_What is required_: Without any of their pictures, return all of the records exactly.

(Material for the task begins)

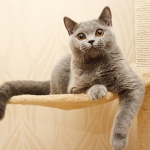 Питомник британских кошек Silvery Snow Казань: голубая британская кошечка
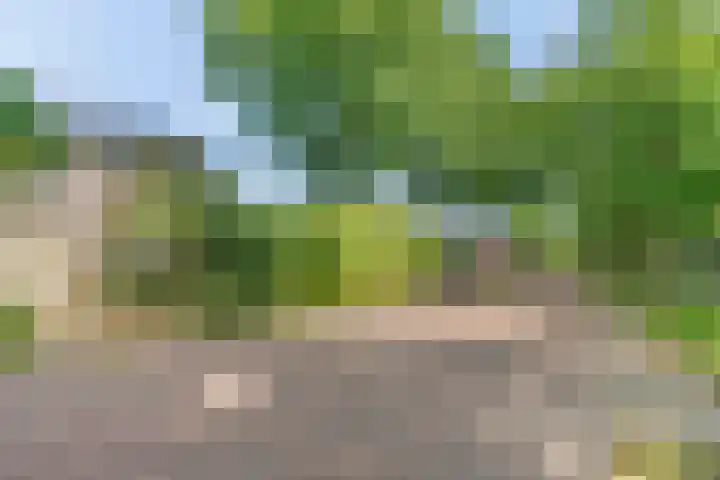 Pastoor Pieckweg 22 Hoogland thumbnail 6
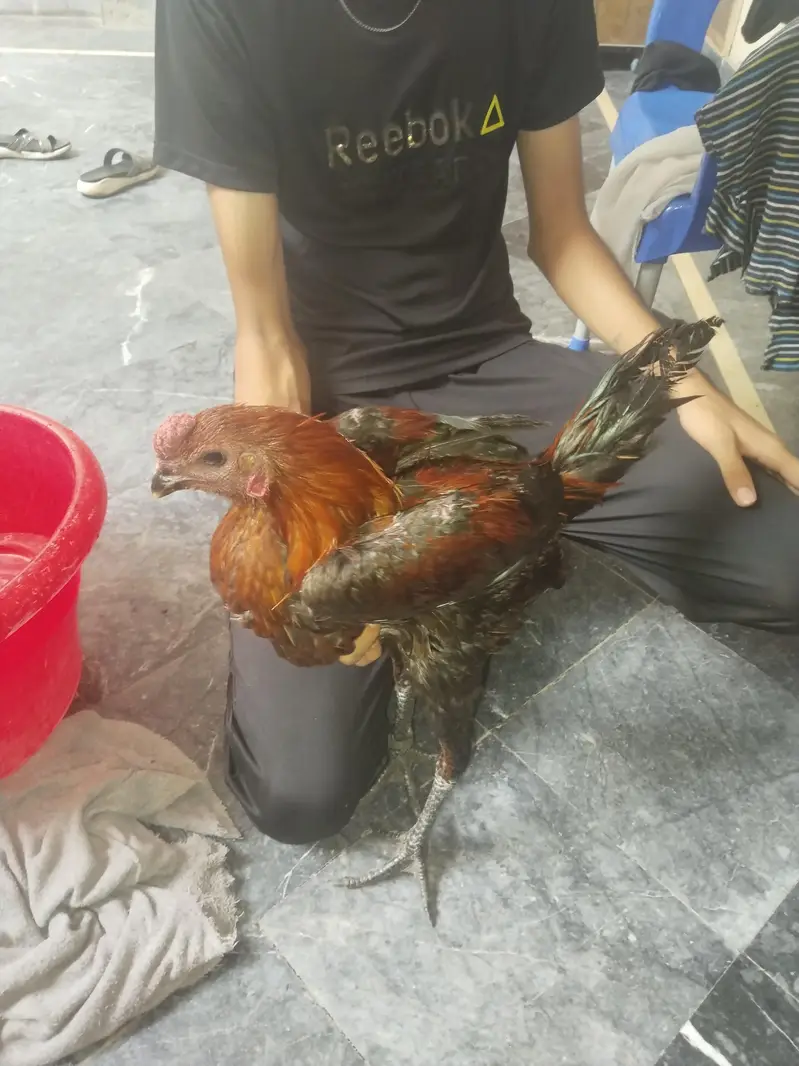 dargen hen — photo 3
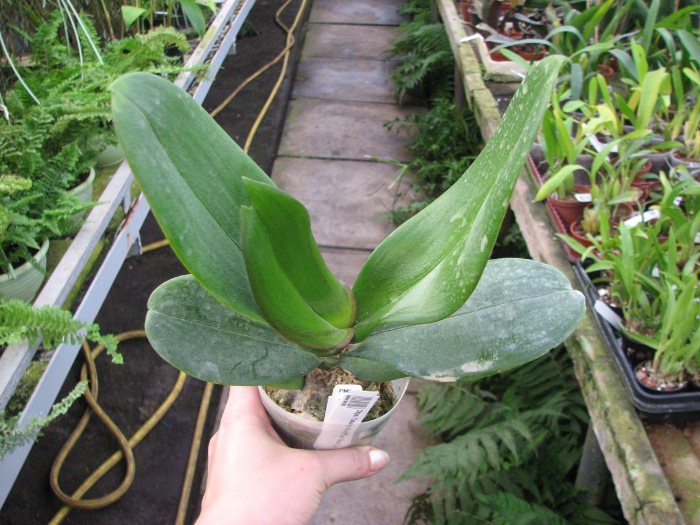 Doritaenopsis Taiwan Red Cat 'Red Cat'.JPG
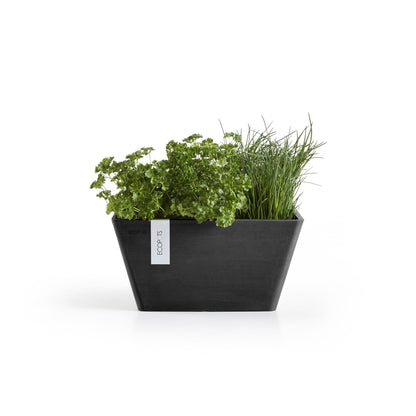 Kukkaruukku Berliini 30cm tummanharmaa – kasvin kanssa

(Material for the task ends)

_Response_:
 Питомник британских кошек Silvery Snow Казань: голубая британская кошечка
 Pastoor Pieckweg 22 Hoogland thumbnail 6
 dargen hen — photo 3
 Doritaenopsis Taiwan Red Cat 'Red Cat'.JPG
 Kukkaruukku Berliini 30cm tummanharmaa – kasvin kanssa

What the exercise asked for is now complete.